Senate Minority Leader Mitch McConnell (R-KY) is about only one thing, power. After the Democrats took the White House, the House, and the Senate, he blamed Donald Trump. In an odd move, the Kentucky senator voted against impeaching the ex-president, shaped himself into a pretzel, and gave a fiery speech against Trump. McConnell blamed him for the January 6 failed riot and coup saying the then-president was “practically and morally responsible” for it. What is up with that?

Trump has been trying to tear the GOP into two parts. Of course, he wants the bigger group, and he wants them to be loyal to him, not the American democracy, aka nihilism or dictatorship. On the other side is McConnell, who is trying to retain the more traditional party. Of course, these are ultra-conservatives, but they still believe in a two-party government.

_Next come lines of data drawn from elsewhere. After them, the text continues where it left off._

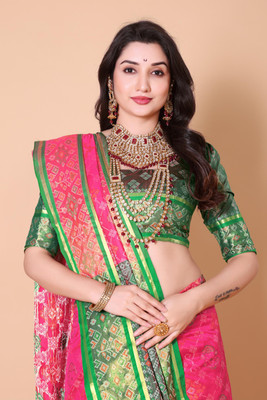 RIVETSTYLE Woven Patola Silk Blend Saree(Pink)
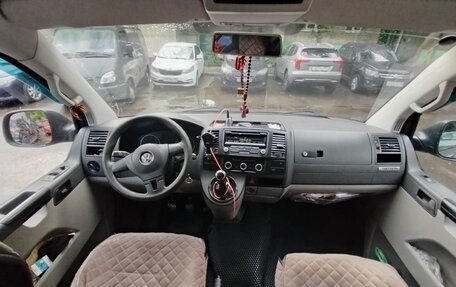 Volkswagen Caravelle T5, 2013 год, 2 500 000 рублей, 7 фотография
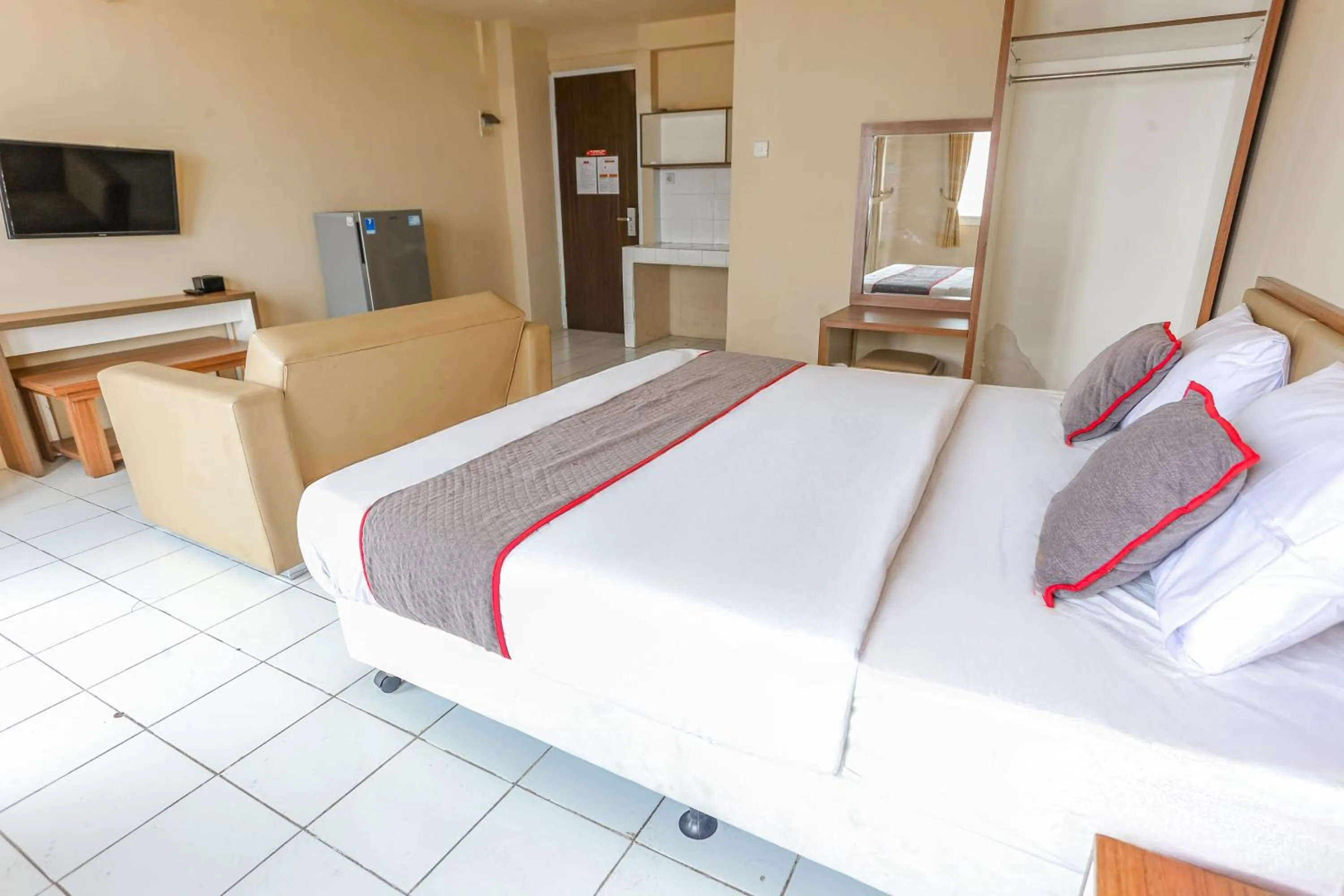 Bedroom, Bed in Collection O Serviced Apartmen Mutiara Kota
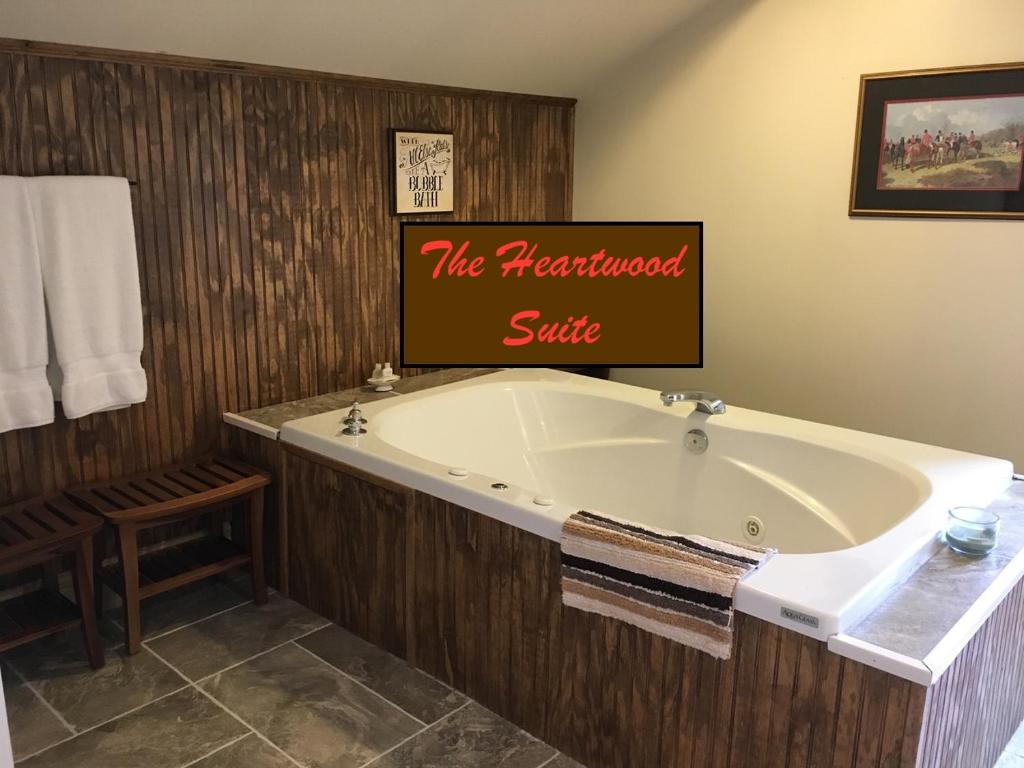 杰纳西奥橡树谷住宿加早餐旅馆的浴缸上标有阅读宏伟套房的标志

The liberal and moderate Republicans have either retired or become conservative Democrats, so they are already out of the picture.

So, how does a person gain more power in Washington D.C.? The answer is simple, “money.” Obtaining the big bucks is not nearly as simple. About 50 GOP donors joined a fundraising conference call on 5 February with Representative Liz Cheney (R-WY). She was the only member of the Republican leadership to vote for Trump’s impeachment. Senator Lisa Murkowski (R-AK) also voted to impeach Trump.

Trump’s people plan to go to the states whose senators and representatives voted for his impeachment and steal the state away from them with a Trump candidate primary. Trump loyalist Matt Gaetz (R-FL) recently went to Wyoming and received a warm welcome.

Yet, it seems that McConnell could undermine a primary challenge to the Alaska senator, according to The Guardian. He could do this by financially backing the candidates who best fit into his idea of a Republican party.

A top Maryland Republican donor Michael Epstein said:

‘We want to show a really big cycle for her to scare off competition. We want people who make judgments based on what’s right.’

Illinois Congressman Adam Kinzinger (R-IL) was only one of the 10 Republicans in the House to vote for Trump’s impeachment. As a result, his local party censured him:

‘[Trump] encouraged an angry mob of his supporters to storm the United States Capitol to stop the counting of the electoral votes. But we have a lot of work to do to restore the Republican party [and reverse] personality politics.’

 Trump threatened McConnell in a statement:

‘I will back primary rivals who espouse Making America Great Again and our policy of America First. We want brilliant, strong, thoughtful and compassionate leadership.’

Sheila Krumholz runs the non-partisan Center for Responsive Politics. She said:

‘It will be difficult for Kinzinger and others who voted to impeach or convict Trump to keep up money-wise. As of most recent filings, Trump had $105m in the bank. He also has the biggest list of loyal supporters in politics he can tap for donations whenever he needs money.’

Veteran operative Scott Reed added:

‘The GOP must focus on nominating candidates that can win in the fall of ’22 and stop the Trump litmus test.’

Charlie Black, a longtime GOP operative, said the NRCC would help Cheney:

‘The NRCC is going to try to help Cheney and I suspect they will be for others who voted for impeachment.’

Krumholz warned that Republican candidates supporting Trump would be an easy way to raise money:

‘The way to rake in campaign cash as a GOP candidate, especially from small donors, is to put yourself out there as a Trump loyalist.’

McConnell’s path to retaking the majority has not included Trump, according to The New York Times:

‘The Kentucky senator has stopped speaking to Mr. Trump, hasn’t taken his calls since after the Electoral College met last month and has told associates that he envisions 2022 as an outsized replay of the Tea Party era, when party leaders clashed with the far right.’